Déconfinement jour 82… « Journal en temps de coronavirus: Le Feuilleton », un feuilleton fiction, écrit par Yves Carchon, autour du coronavirus. A suivre tous les vendredis pendant la période de pandémie.
Journal en temps de coronavirus
Chapitre 6 : Collins contre tous (suite et fin)
Quand il avait poussé la porte du bureau, Emy était assise derrière la vitre mi-ouverte qui donnait sur la rue. Le frémissant filet de voix lui parvenant, elle paraissait aux anges. Ce n’est que lorsqu’il avait mis les pieds dans le bureau qu’elle avait réouvert les yeux, restés clos jusqu’ici à l’écoute d’Elvis.
— Oh, Jeff ! Tu m’offriras son dernier disque ? qu’elle avait dit, avec ses yeux papillotants.
— Et pourquoi pas un p’tit voyage à Tupelo, Mississipi ?
Elle lui avait tendu les lèvres et Jeff avait senti qu’il devait l’embrasser.
— En attendant, on a un mort sur la route des Terres Hautes, avait-il dit en ôtant son Stetson. Penses-tu pouvoir prendre des notes ? Je te dicte et t’écris ! Pour le rapport, on verra ça plus tard.
Emy, moulée dans sa robe Vichy rouge, était allée s’asseoir derrière son poste de travail et avait ouvert un cahier, après s’être munie de son stylo à bille. Jeff, la voyant assise et passant derrière elle, avait lorgné sur son dos nu et ses épaules rondes, comme offertes au baiser. Mais il devait se concentrer et avancer sur son affaire. Il avait donc lâché l’affaire.
— On y va ? avait-il proposé.
— Je t’écoute, lui avait dit Emy, penchée sur son cahier.
C’était précisément à cet instant que le ciel s’était obscurci, que des sautes de vent s’étaient levées d’un coup, se bousculant dans la grande rue, se cognant aux maisons et coupant du même coup le sifflet à Elvis.

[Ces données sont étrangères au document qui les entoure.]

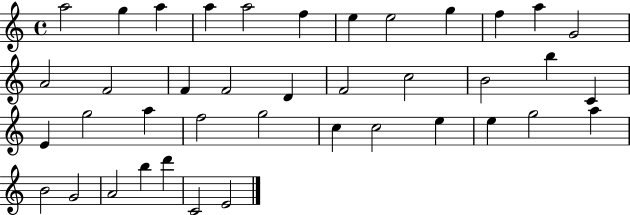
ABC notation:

X:1
T:Untitled
M:4/4
L:1/4
K:C
a2 g a a a2 f e e2 g f a G2 A2 F2 F F2 D F2 c2 B2 b C E g2 a f2 g2 c c2 e e g2 a B2 G2 A2 b d' C2 E2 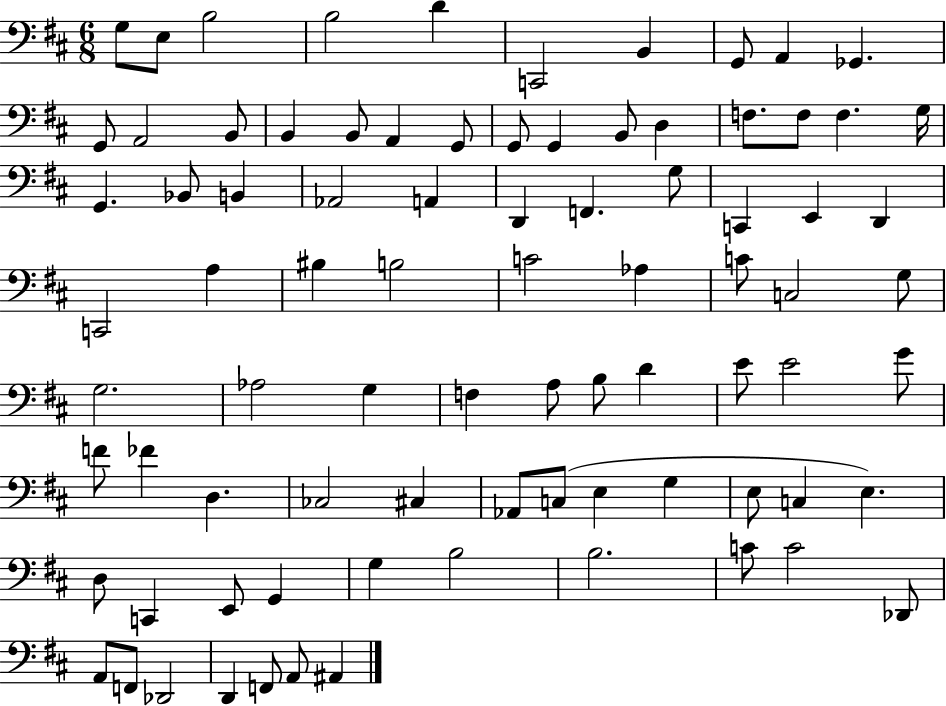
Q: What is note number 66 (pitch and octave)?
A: C3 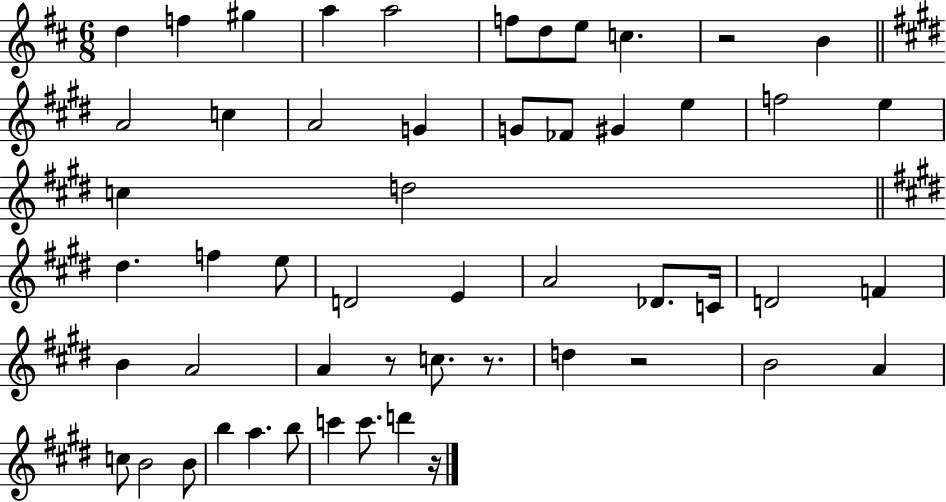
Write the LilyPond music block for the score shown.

{
  \clef treble
  \numericTimeSignature
  \time 6/8
  \key d \major
  d''4 f''4 gis''4 | a''4 a''2 | f''8 d''8 e''8 c''4. | r2 b'4 | \break \bar "||" \break \key e \major a'2 c''4 | a'2 g'4 | g'8 fes'8 gis'4 e''4 | f''2 e''4 | \break c''4 d''2 | \bar "||" \break \key e \major dis''4. f''4 e''8 | d'2 e'4 | a'2 des'8. c'16 | d'2 f'4 | \break b'4 a'2 | a'4 r8 c''8. r8. | d''4 r2 | b'2 a'4 | \break c''8 b'2 b'8 | b''4 a''4. b''8 | c'''4 c'''8. d'''4 r16 | \bar "|."
} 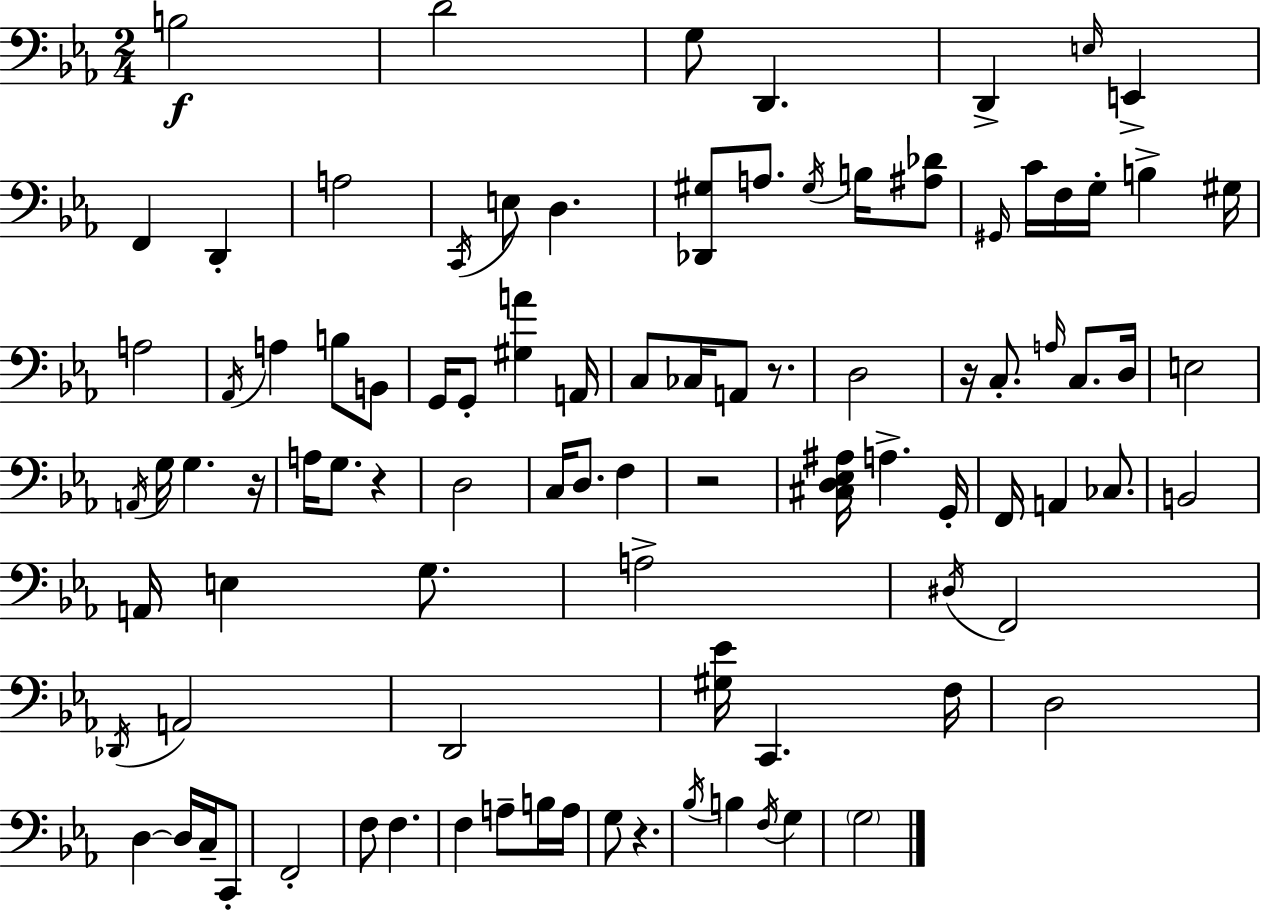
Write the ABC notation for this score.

Un vent qui précédait toujours la pluie, laquelle était tombée dans la foulée, martelant violemment les toits des maisons et giflant les fenêtres. Une pluie couvrant la voix de Jeff qui s’était arrêté dans la dictée de son rapport en se précipitant vers la fenêtre pour la fermer.
Emy avait croisé les bras sur sa poitrine, l’air apeuré et fronçant les sourcils.
— Je l’ai vu venir, ce matin, avait commenté Jeff. C’est un vent qui vient du désert. Un mauvais vent pour sûr ! On a eu la même chose, il y a de ça trois ans !
L’œil braqué sur la rue, derrière la vitre toute constellée de gouttelettes, il avait ajouté :
— Avec une telle pluie, le ciel sera lavé !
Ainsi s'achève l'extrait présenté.